Die NEAT gibt der Verlagerung von der Strasse auf die Schiene neuen Schub indem sie Per¬sonen- und Güterverkehr durch die Alpen eine leistungs¬fähige Alternative zur Strasse bietet. Dank der Verlagerungspolitik können jährlich rund 800'000 Lastwagenfahrten durch die Alpen vermieden werden und die Bahn konnte ihren Marktanteil inzwischen auf über 70 Prozent der transportierten Güter erhöhen. Trotz des allgemeinen Verkehrswachstums, ist die Zahl der alpenquerenden Lastwagenfahrten von 1,4 Millionen im Jahr 2001 auf rund 900’000 im Jahr 2019 gesunken. Das gesetzte Ziel wird allerdings erst mit jährlich maximal 650’000 Lastwagenfahrten erreicht sein.

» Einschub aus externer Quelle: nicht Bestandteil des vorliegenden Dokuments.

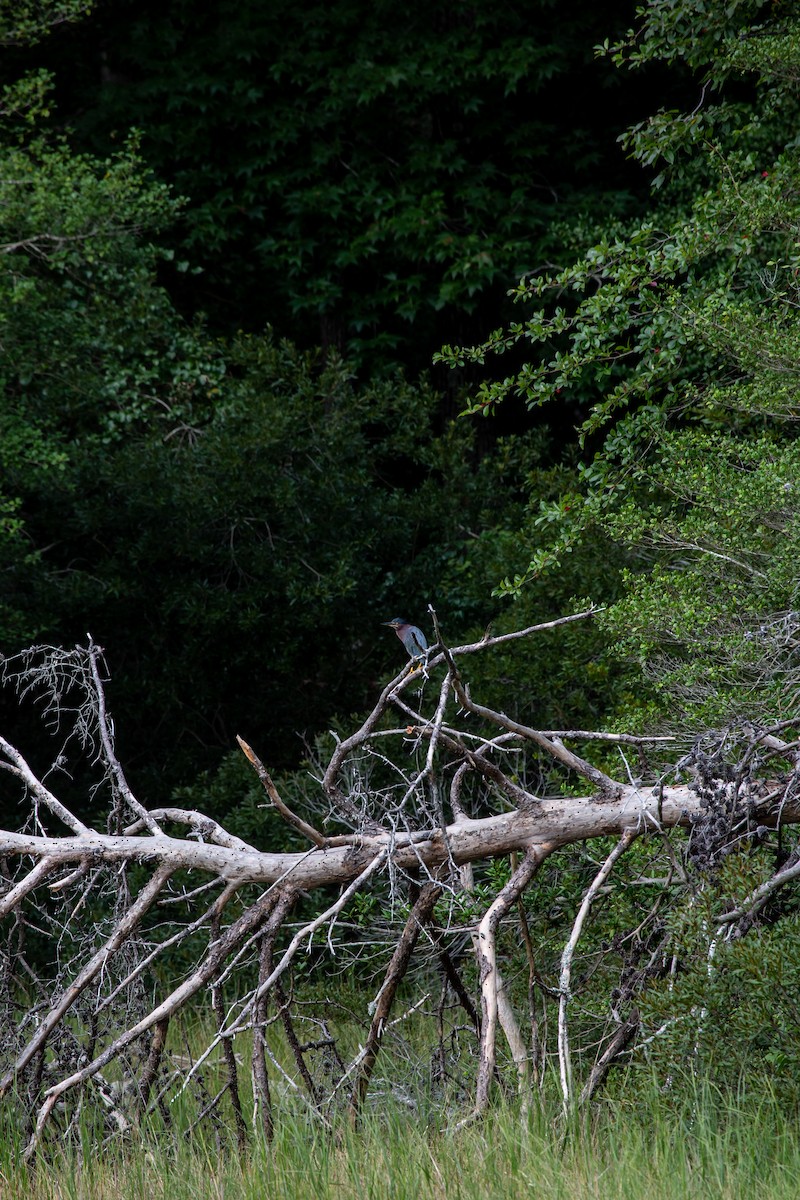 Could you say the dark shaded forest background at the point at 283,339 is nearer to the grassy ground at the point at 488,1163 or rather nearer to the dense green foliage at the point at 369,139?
the dense green foliage at the point at 369,139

Die NEAT stärkt so den Alpenschutz und leistet einen solidarischen Beitrag zu einer umweltfreundlichen Abwicklung der europaweiten Warenströme.
Ein Meilenstein
Es war ein langer Weg zur Bezwingung des Gotthardmassivs – er führte vom Säumerpfad über die Schöllenenschlucht um 1230, über die Gotthard-Postkutsche, die ab 1830 über den Gotthardpass rollte, bis hin zum ersten Durchstich Ende 1880 und schliesslich zum heutigen technologischen Wunderwerk durch die Alpen, welches mit der Eröffnung des Ceneri-Basistunnels seinen Höhepunkt erreicht.
Fest steht, am kommenden 4. September gibt es mehrfachen Grund zu feiern: Nicht nur die Vollendung eines der grössten Schweizer Bauprojekte der Geschichte, sondern ein zukunftsweisendes und verbindendes Bauwerk im Herzen Europas und einen Meilenstein im europäischen Schienenverkehr.